__Task__
Reproduce from the records below, with no pictures, exactly the lines between the one containing "Toyota Yaris 1.5" and the one containing "Cardinal_Health_Q3_Showcase_Image", inclusive.

__Data for processing__

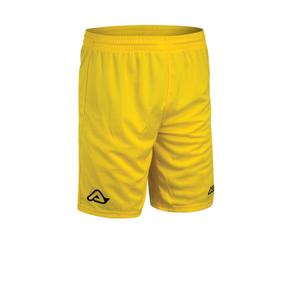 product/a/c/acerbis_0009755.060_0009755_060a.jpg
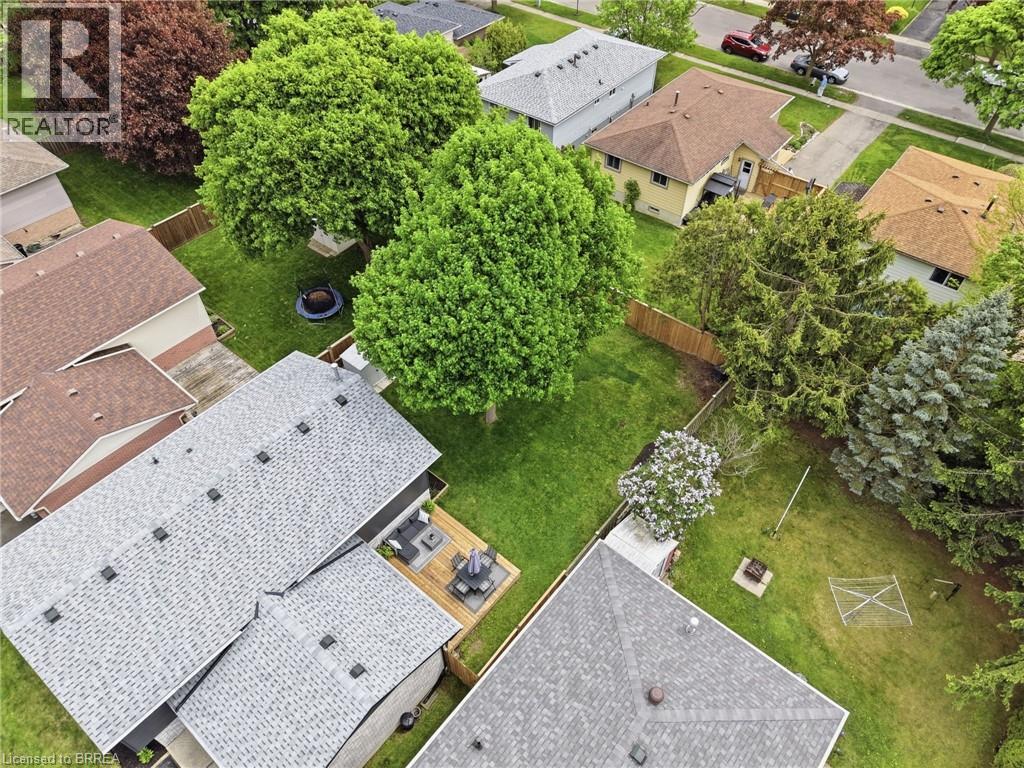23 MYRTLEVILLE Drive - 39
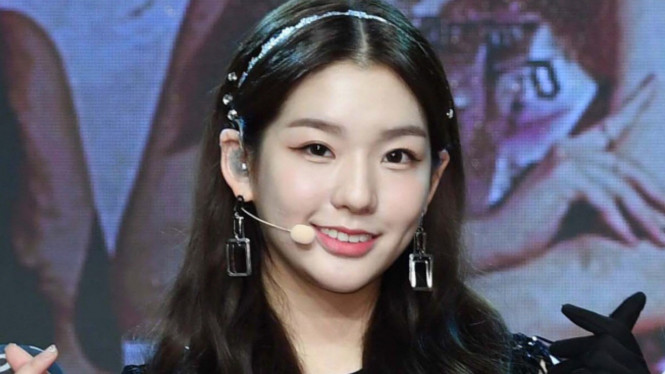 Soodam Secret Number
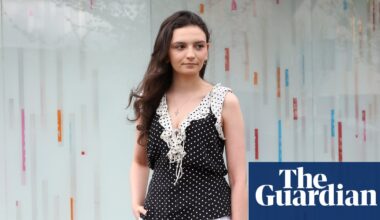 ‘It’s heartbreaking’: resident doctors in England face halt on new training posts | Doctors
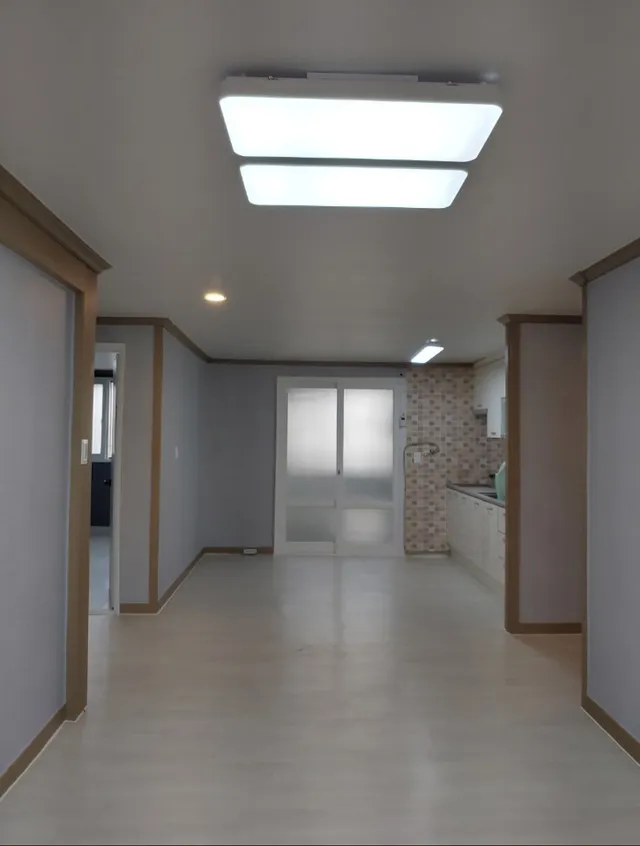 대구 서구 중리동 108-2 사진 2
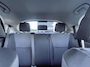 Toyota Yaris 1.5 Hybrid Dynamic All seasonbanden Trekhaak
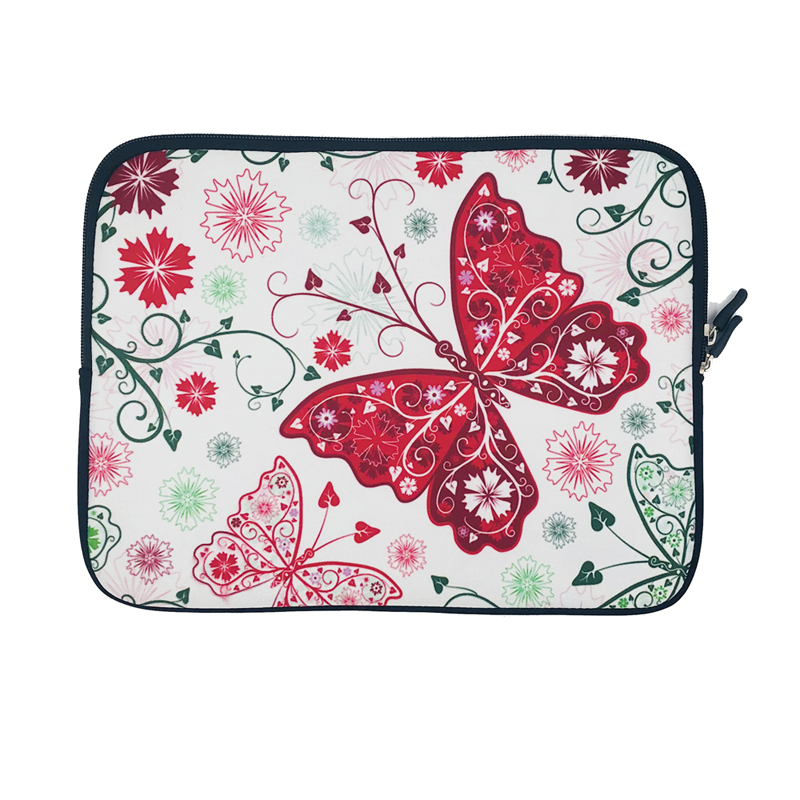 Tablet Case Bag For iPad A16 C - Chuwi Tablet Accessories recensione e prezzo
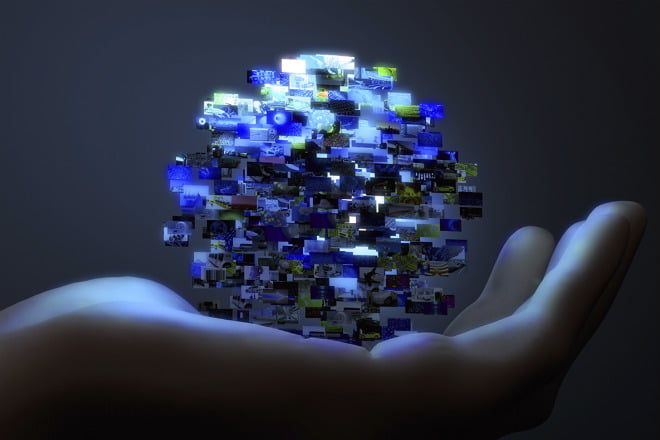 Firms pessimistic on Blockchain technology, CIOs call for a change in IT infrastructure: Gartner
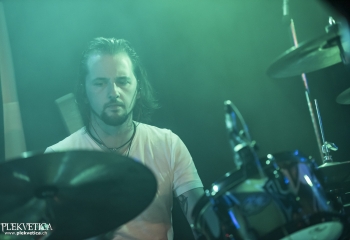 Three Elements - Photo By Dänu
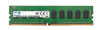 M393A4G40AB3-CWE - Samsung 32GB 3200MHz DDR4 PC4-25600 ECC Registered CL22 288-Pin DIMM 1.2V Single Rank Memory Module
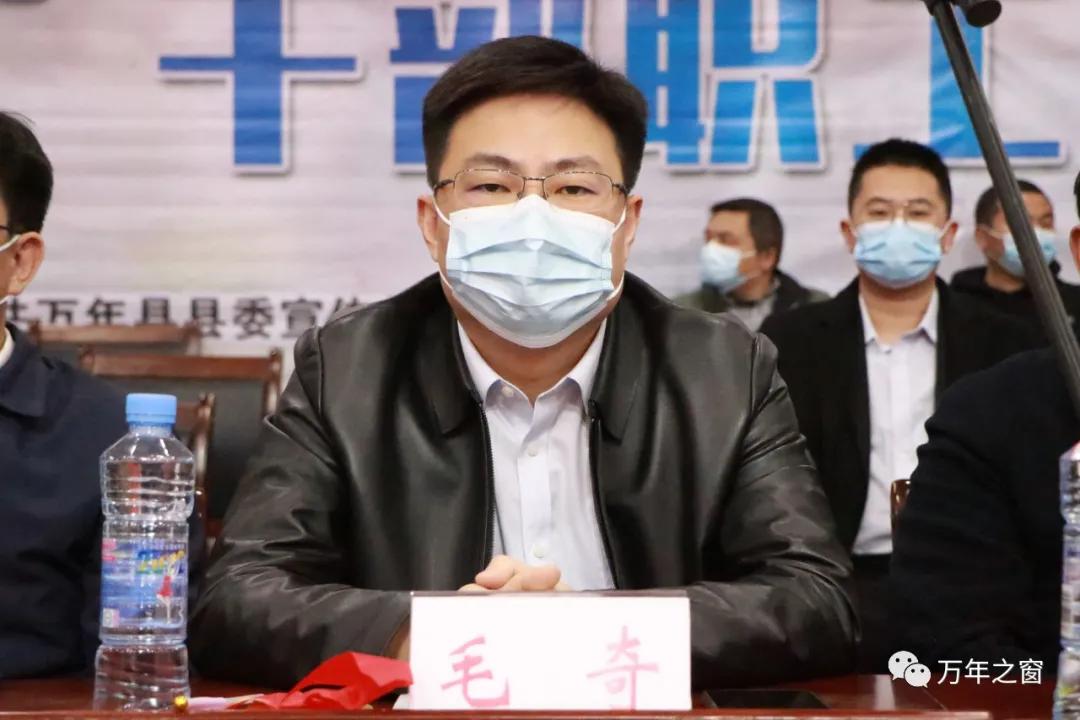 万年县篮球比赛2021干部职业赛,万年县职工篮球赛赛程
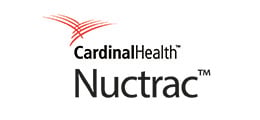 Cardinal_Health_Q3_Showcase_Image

---

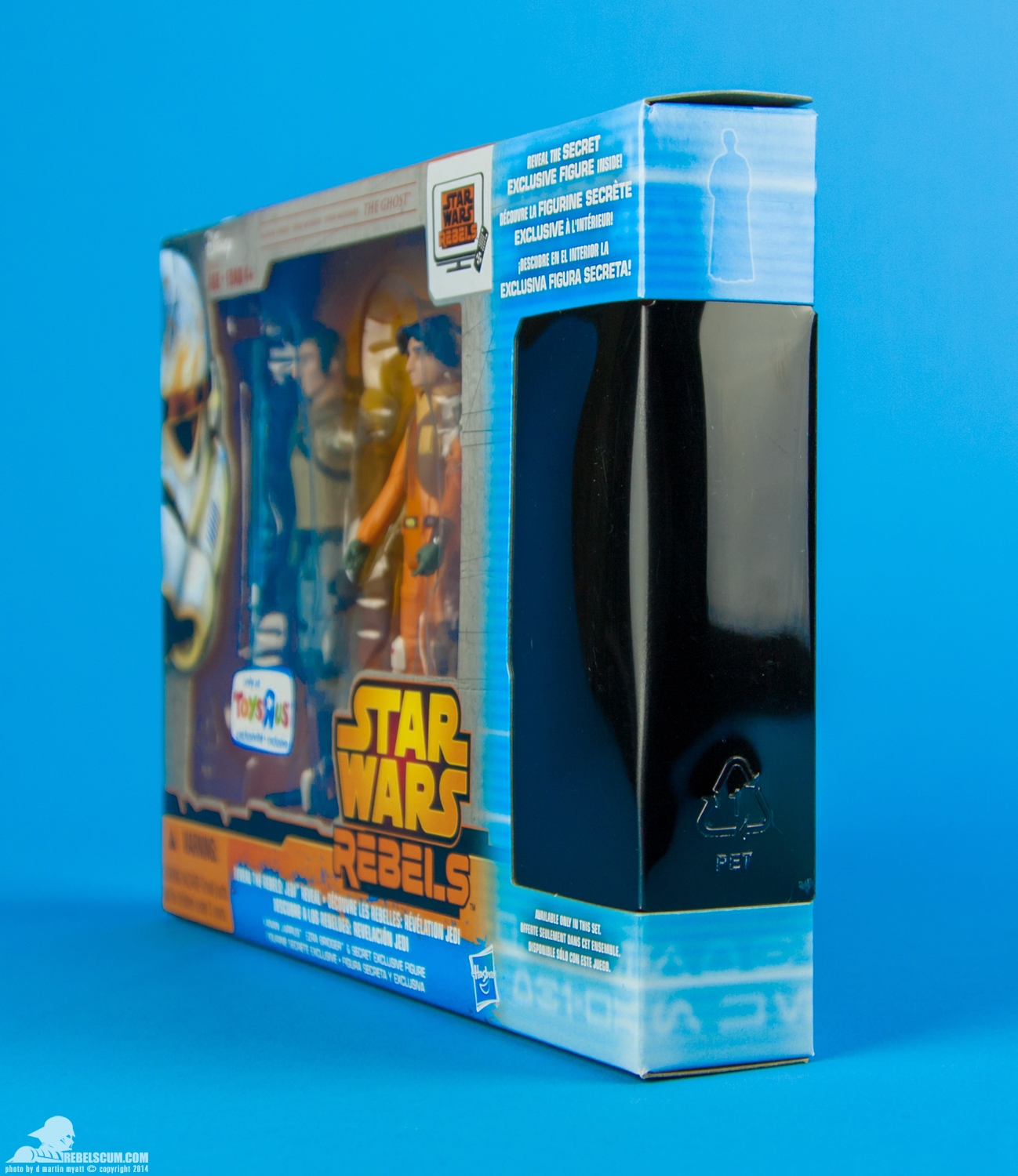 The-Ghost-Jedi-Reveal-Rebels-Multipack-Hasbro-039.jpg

__Answer space__
 Toyota Yaris 1.5 Hybrid Dynamic All seasonbanden Trekhaak
 Tablet Case Bag For iPad A16 C - Chuwi Tablet Accessories recensione e prezzo
 Firms pessimistic on Blockchain technology, CIOs call for a change in IT infrastructure: Gartner
 Three Elements - Photo By Dänu
 M393A4G40AB3-CWE - Samsung 32GB 3200MHz DDR4 PC4-25600 ECC Registered CL22 288-Pin DIMM 1.2V Single Rank Memory Module
 万年县篮球比赛2021干部职业赛,万年县职工篮球赛赛程
 Cardinal_Health_Q3_Showcase_Image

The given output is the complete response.